Пятиметровой ширины новорожденные, размером с теннисные корты, огненные слябы караваном паломников в Мекку, ледоходом катились по рольгангу и плющились великанскими скалками в чистую, ровную Волгу, чьи стальные полотнища становились артериями ВСТО, «Голубого потока», шли в Аравию, Индию, Пакистан и Китай по контрактам с чудовищами мировой нефтегазодобычи, на завод караванами верующих повалили инвесторы: «Дойче Банк», «Креди Суисс», «Сосьете Женераль»; на огромном ЗапСибе тоже все задышало в общем ритме с Могутовом, и никто не уперся оспорить, аннулировать сделку в судах, предугадывая и исполняя желания Кремля, вставив на всякий случай распорку Угланову в пасть, пусть она там и треснет зубочисткой на жвалах.
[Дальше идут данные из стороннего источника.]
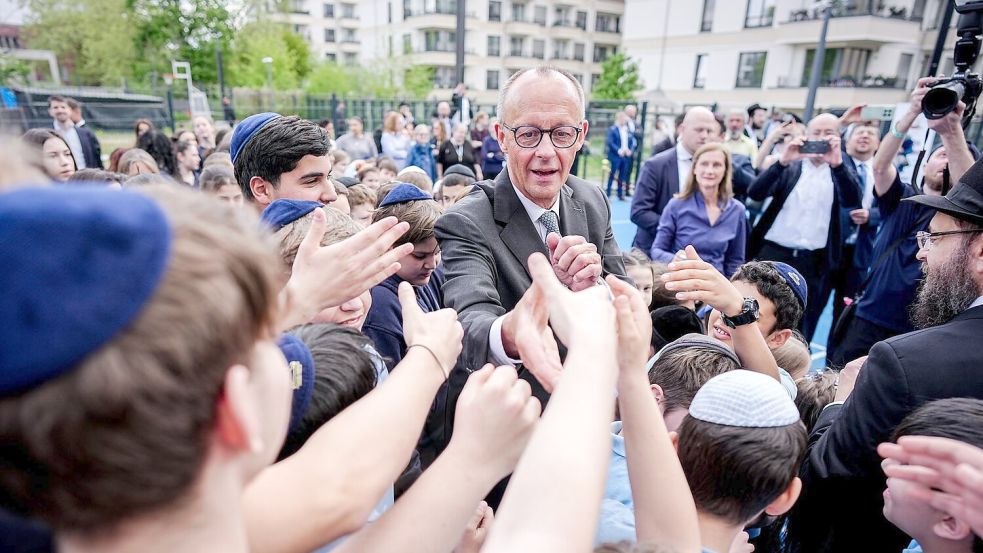 Merz löste mit einem Aufruf an die SPD zu mehr Kompromissbereitschaft Unmut beim Koalitionspartner aus. Foto: Kay Nietfeld/dpa-Pool/dpa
Прокуратура и УБЭП вцепились в Козыря, углановского клоуна, колено в углановской системе сточно-очистных сооружений, вмонтированное на углановские деньги в губернаторское кресло, и уничтожили, как что-то от Угланова отдельное — обыкновенное чиновное самостоятельное зло, столь же далекое от мощностей «Русстали», как сомалийские пираты и Аль-Каида.